La librairie l’établi a tiré son nom du livre éponyme de Robert Linhart, véritable chef d’œuvre de la littérature française, L’établi, publié aux éditions de Minuit en 1978. Des années 1967 aux années 1973, de jeunes intellectuels se sont établis en usine, pour marcher à la rencontre d'une classe ouvrière qu'ils idéalisaient, mais ne connaissaient pas. Ils y sont allés armés de l’idée naïve qu’ils constituaient une avant-garde éclairée, seule capable d’organiser le mouvement ouvrier dans son désir de libération. Et du sentiment généreux qu’ils avaient quelque chose à apprendre à son contact. Un paradoxe dont ils revinrent le plus souvent décillés, tel Robert Linhart découvrant que les ouvriers pouvaient parfaitement s’organiser sans lui. De ce mouvement il n’est resté qu’un livre. Celui de Robert Linhart. Moins un témoignage qu’une épreuve féconde. Le livre L’établi, à lui seul, constitue un aboutissement qui a transcendé largement son objet. Peut-être tout écrivain est-il jeté sans le savoir dans ce même mouvement, dont il ne restera à terme qu’un livre, à la rencontre d’un monde qu'il croyait transformer et que son ouvrage a peut-être en effet transformé, là où il n'attendait plus rien...

Peut-être tout comédien est-il jeté sans le savoir dans ce même mouvement, dont il ne restera à terme qu’une lecture… Hier soir, le comédien du studio-théâtre de Vitry, Guillaume Gilliet, nous en a administré la formidable preuve, au travers d’une interprétation tantôt malicieuse, tantôt grave de l’établi.

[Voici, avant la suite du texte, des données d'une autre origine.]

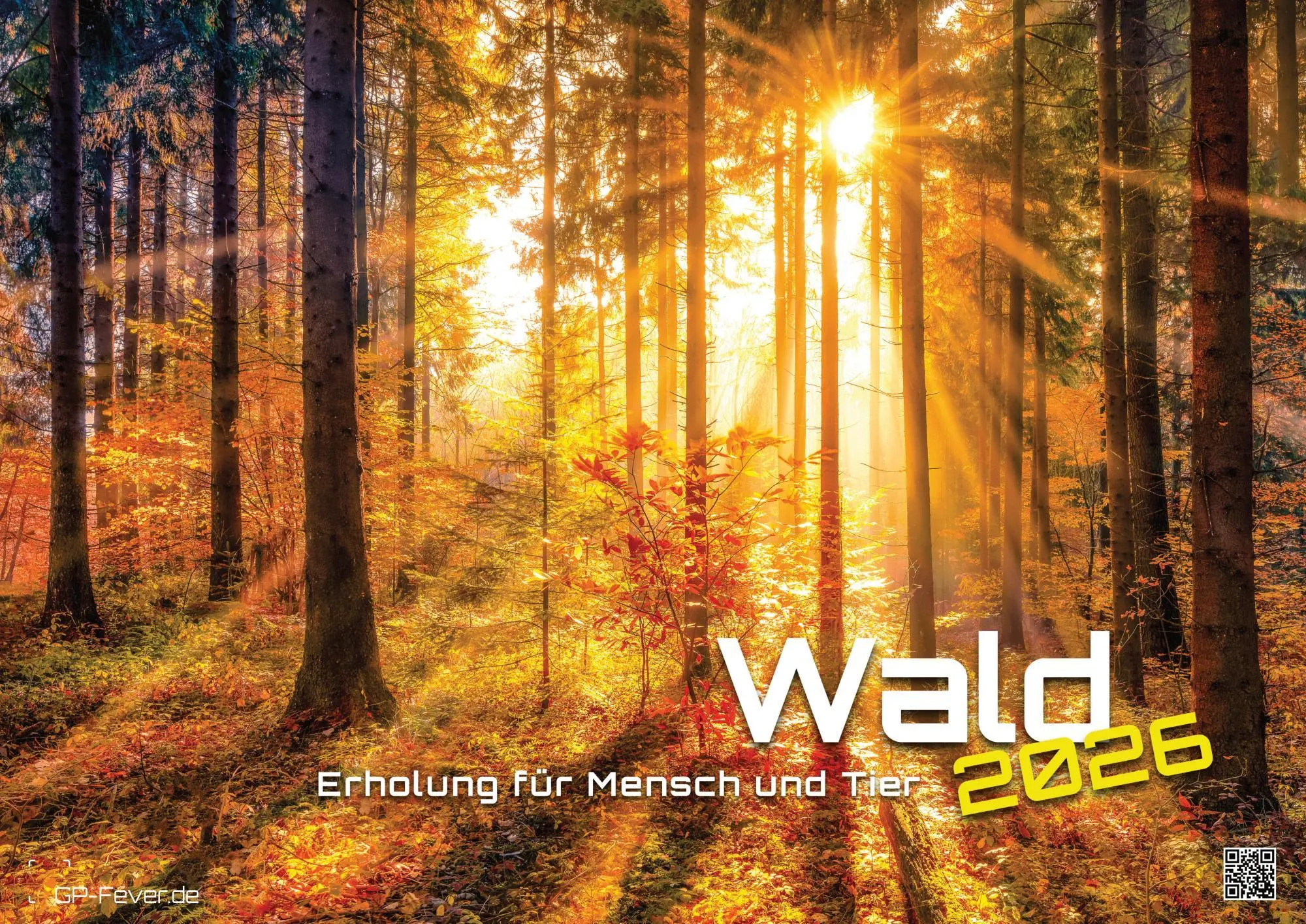 Cover: 9783986736071 | Wald - Erholung für Mensch und Tier - 2026 - Kalender DIN A2 | de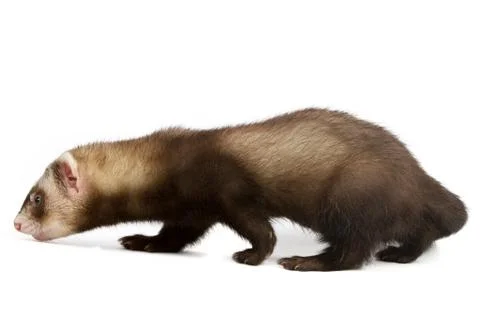 Ferret Stock Photos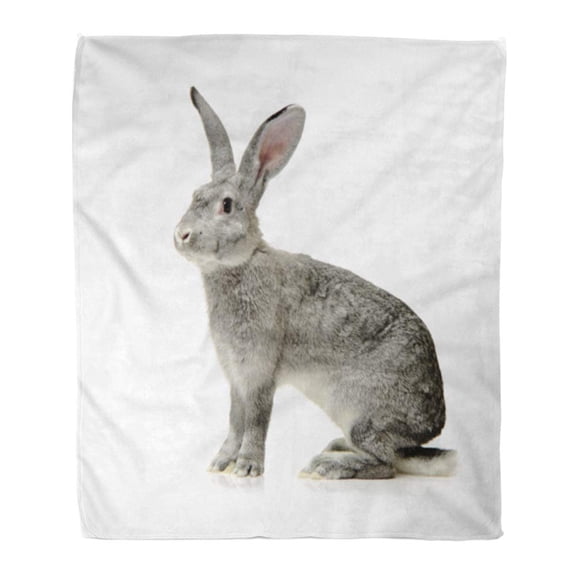 SIDONKU Throw Blanket 58x80 Inches Gray Wild Grey Rabbit on White Agriculture Being Close Close Copy Detail Warm Flannel Soft Blanket for Couch Sofa Bed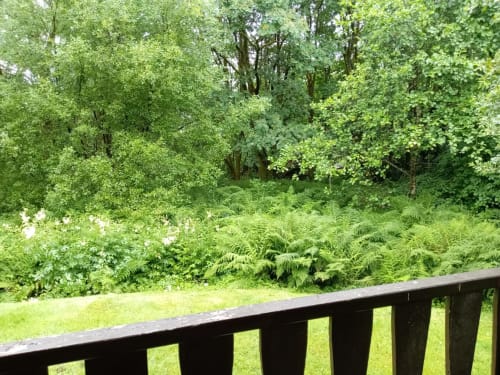 Grouse Lodge's lush garden view with ferns and mature trees from the deck, Dunoon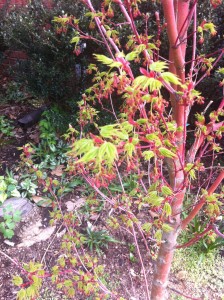 Sango kaku Coralbark maple has fine leaf texture.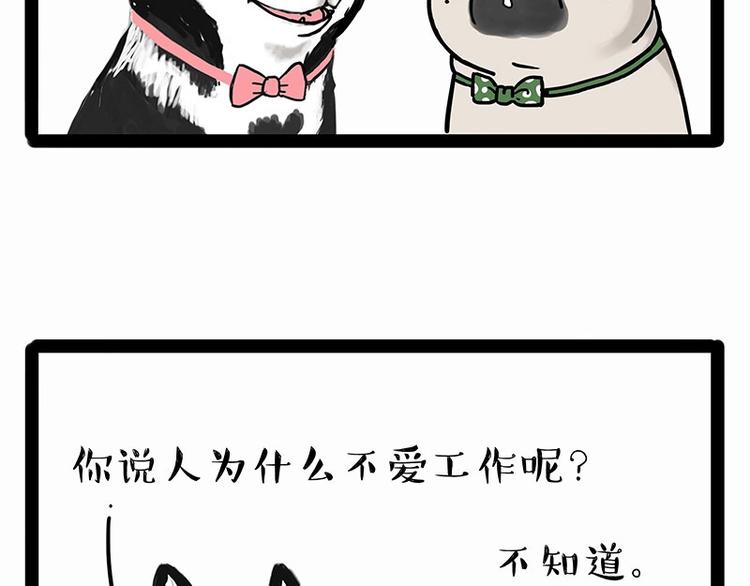第194话 生活不易，猫狗打工23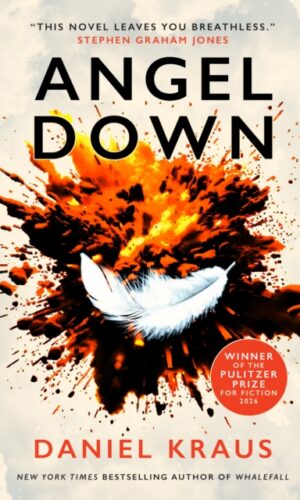 Angel Down - Daniel Kraus - 9781835415382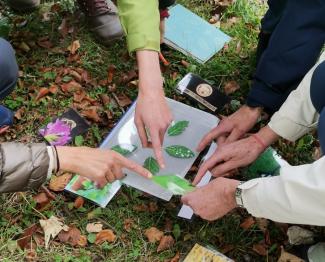 Formation naturaliste : La nature au fil des saisons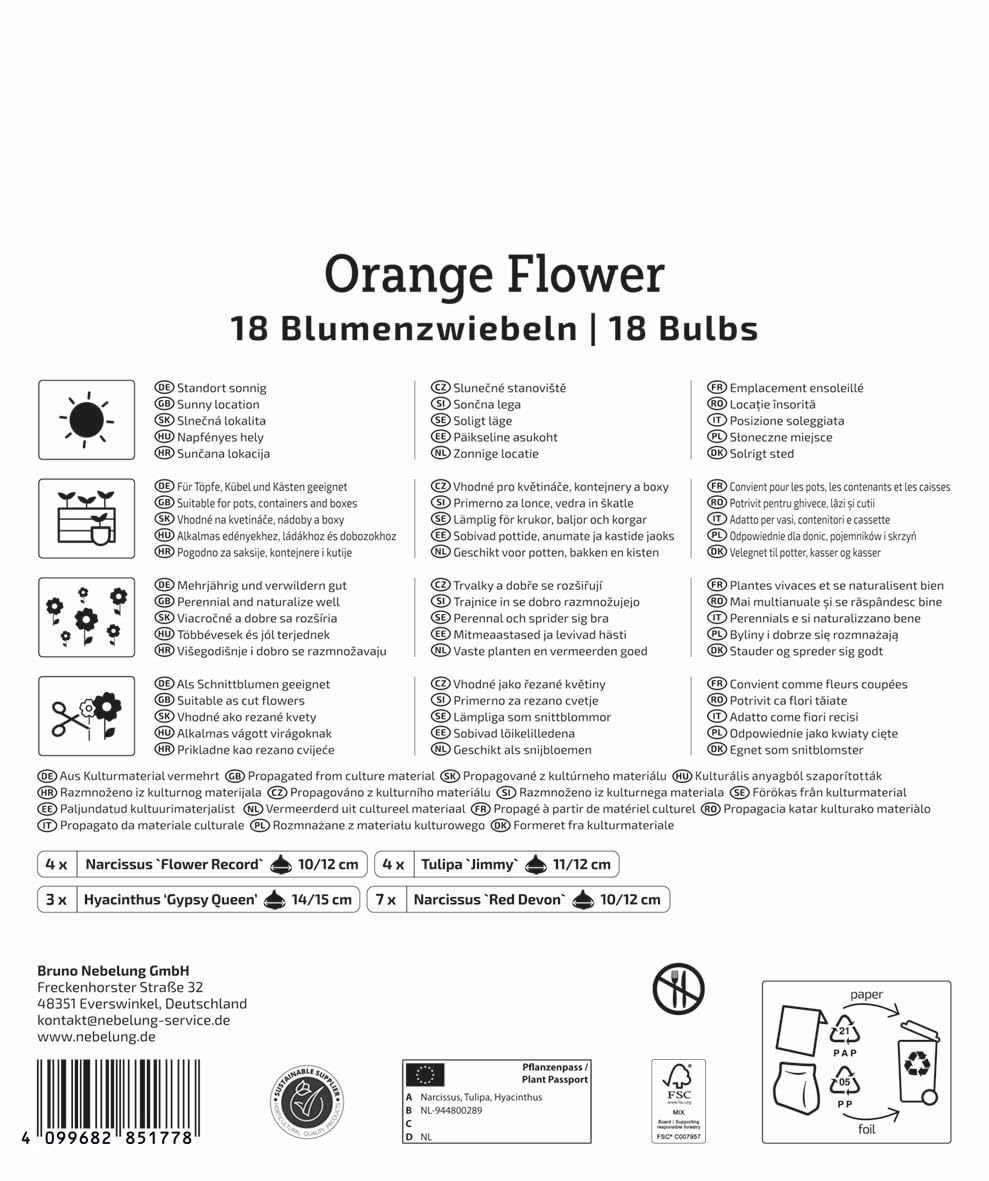 kiepenkerl-mega-pack-orange-flower-mix-blumenzwiebel-mischung-30-45-cm image 2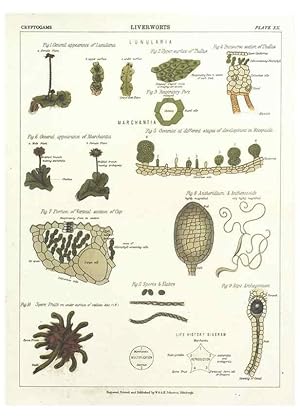 Image du vendeur pour Reproduccin/Reproduction 7166139923: The botanical atlas :. New York :The Century Co.,1883. mis en vente par EL BOLETIN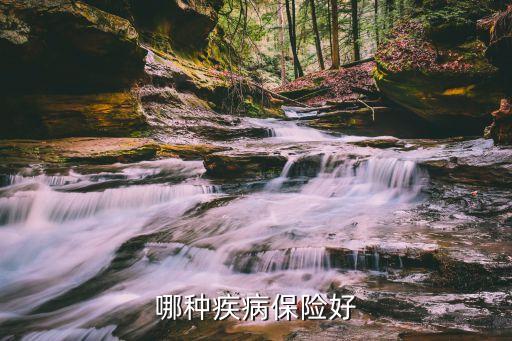 哪種疾病保險(xiǎn)好
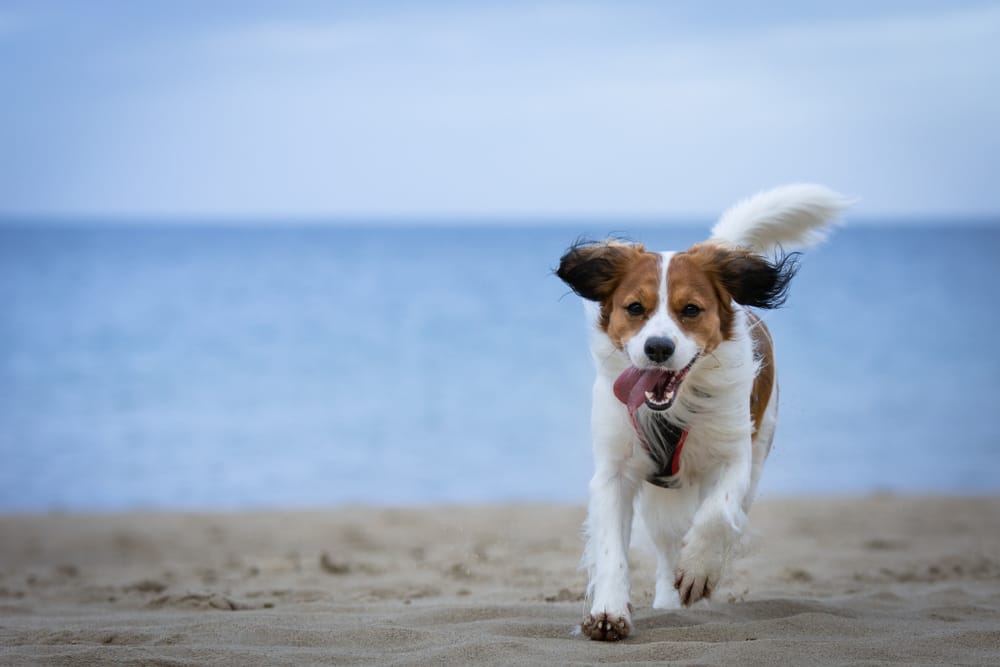 Pet Surgery Raleigh, Durham, and Greensboro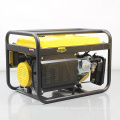 Bison China 3000W Generator Motor Erdgas -Benzinerer Luft gekühlt 220 V 3 kW Benzingenerator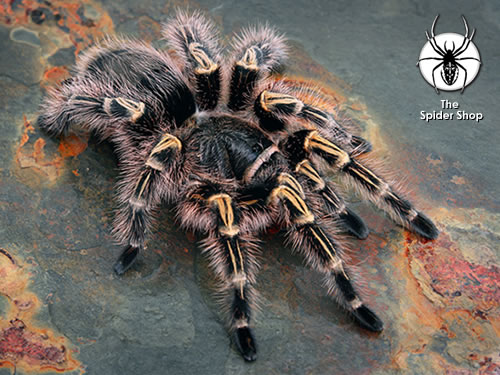 G_aureostriata_main.jpg
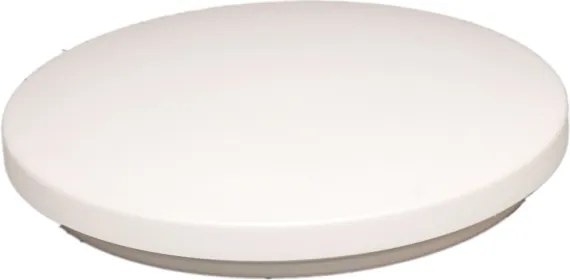 Plafoniera da bagno LED 14W 230V 3000/4000/6500K Ø 26 cm IP44 bianca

Et ce qui était frappant dans cette lecture, c’était sa capacité à faire ressortir le caractère poignant de l’expérience rapportée par Robert Linhart qui a su, mieux que tout autre, saisir ces conditions d’humiliation faites aux hommes dans les sociétés libérales. C’est jusque dans le détail des vies, au plus intime des gestes qui nous fondent, que Robert Linhart est allé débusquer ce que vivre veut dire, bien au-delà des circonstances historiques ou sociologiques du travail à la chaîne. Hier soir, Guillaume Gilliet nous a littéralement jetés dans cette condition humaine qu’ils sont trop nombreux à considérer comme fâcheuse, préméditant sa lecture pour nous engager, chacun,  à en relever en nous les exigences. Nous ravissant peu à peu, au fil d’un texte souvent ironique dont sa lecture soulignait avec allant le ton moqueur, Guillaume Gilliet nous a offert la chance d’éprouver l’émotion de cette incertitude qui pesa dans l’usine Citroën et que Linhart rapporte au moment de relever la tête, et celle d’éprouver le frémissement libérateur quand la lutte s’énonce, où puiser non seulement la force d’être enfin, mais sa générosité. En une heure de temps, nous avons pu éprouver la mesure d’un monde fait pour broyer les vies et partager la joie de déposer le renoncement auquel nos sociétés nous ont tant réduits, à travers une lecture facétieuse et juste.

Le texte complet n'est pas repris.